-- GOAL OF THE EXERCISE --
For the entries below, the result should be an exact transcription of the lines from the one with "Training Day LookBook" up to and including the one with "紫薯10种家常做法，给你10个完美紫薯做法", and only those.

-- EXERCISE MATERIALS --
_ _ _ _ _ _ _

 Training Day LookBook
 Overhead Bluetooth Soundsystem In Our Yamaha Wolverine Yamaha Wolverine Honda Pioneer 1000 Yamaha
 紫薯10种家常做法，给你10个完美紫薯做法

_ _ _ _ _ _ _

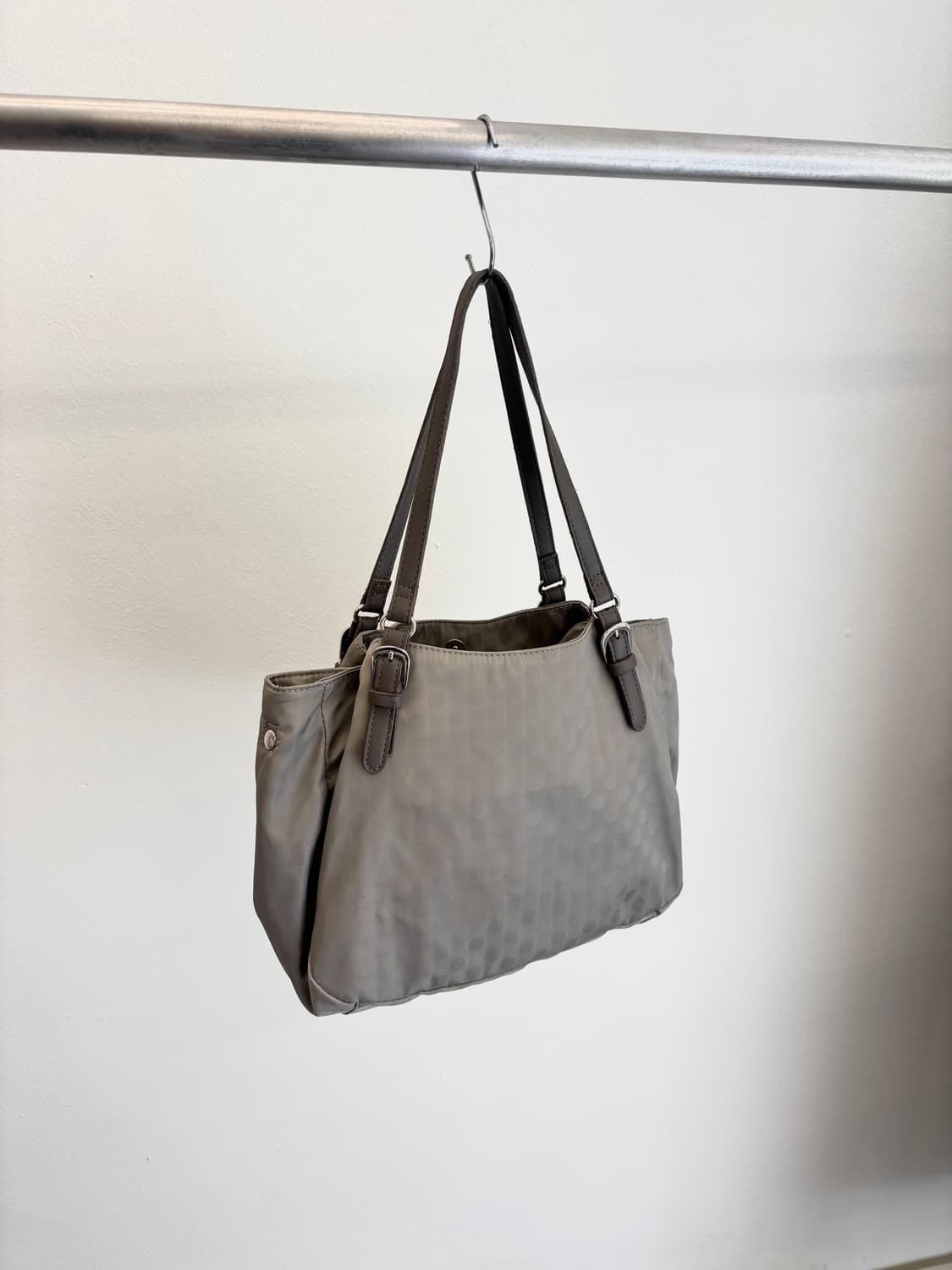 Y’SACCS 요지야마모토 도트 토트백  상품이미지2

_ _ _ _ _ _ _

-- SOLVED EXERCISE --
 Training Day LookBook
 Overhead Bluetooth Soundsystem In Our Yamaha Wolverine Yamaha Wolverine Honda Pioneer 1000 Yamaha
 紫薯10种家常做法，给你10个完美紫薯做法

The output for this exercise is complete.